L’applicabilità del ne bis in idem alla sovrapposizione fra processo ordinario e militare è esaminata facendo ricorso ai principi costituzionali e immanenti all’ordinamento, corroborati dalle conclusioni elaborate dalla dottrina e dalle pronunce giurisprudenziali. Dopo aver verificato i limiti dell’operatività dell’art. 649 c.p.p., la soluzione alla problematica del cumulo fra procedimenti di diversa natura è ricercata negli istituti alternativi del concorso di norme e di reati, riservando le necessarie considerazioni al fenomeno della connessione fra procedimenti.
In assenza di un provvedimento passato in giudicato, al fine di confutare ovvero confermare l’efficacia del principio in esame, è invece necessario fare riferimento alla dimensione immanente e infra-sistematica dello stesso, oltre che al meccanismo della preclusione, necessariamente sotteso.

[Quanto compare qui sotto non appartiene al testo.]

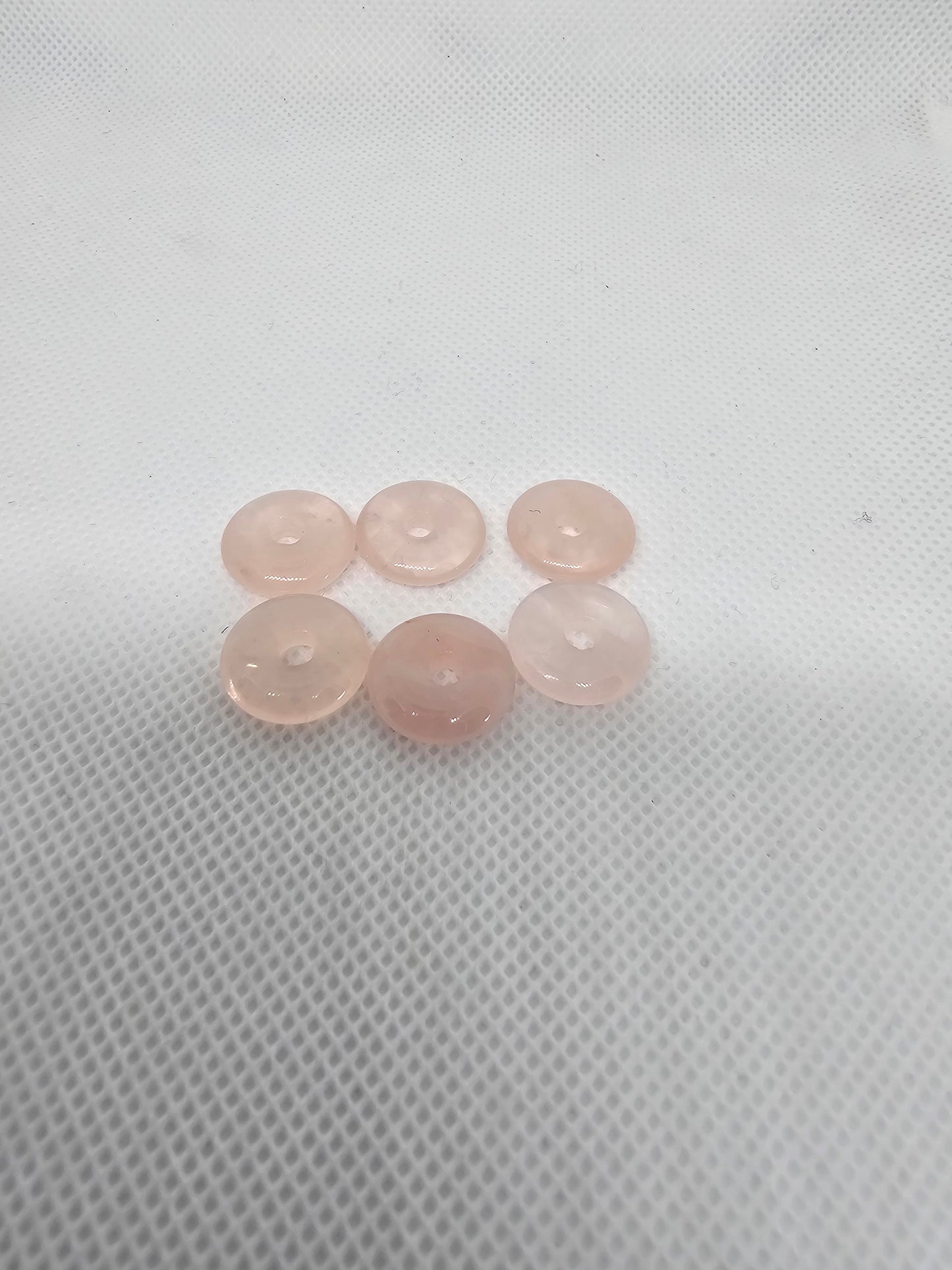 Nylon Corded Bracelet with Donut Focal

Infine, l’esame del fenomeno del doppio binario sanzionatorio è calato nel circuito disciplinare militare, approfondendo la natura e la funzionalità della consegna di rigore, quale misura connotata da una spiccata afflittività, nonostante il carattere formalmente disciplinare.
Attraverso l’esame della giurisprudenza più significativa, si interrogano le finalità punitive sottese alle sanzioni militari e si riflette sul principio di proporzionalità sanzionatoria, nella prospettiva della tutela effettiva del militare quale soggetto di diritto, nell’ottica di verificare la possibilità di duplicazione del divieto di bis in idem nell’ambito dei disciplinari.
In quest’ottica, il lavoro si conclude evidenziando come i meccanismi di garanzia offerti dall’ordinamento, e dunque l’applicazione del ne bis in idem, debbano perseguire una duplice finalità: da un lato, assicurare la razionalità, la coerenza e la logicità del sistema repressivo; dall’altro, preservare la centralità dell’individuo anche a fronte della sua condotta antigiuridica, in ossequio a un’idea di giustizia penale che non sia mera espressione di forza, ma la più sofisticata forma di garanzia dell’ordine sociale.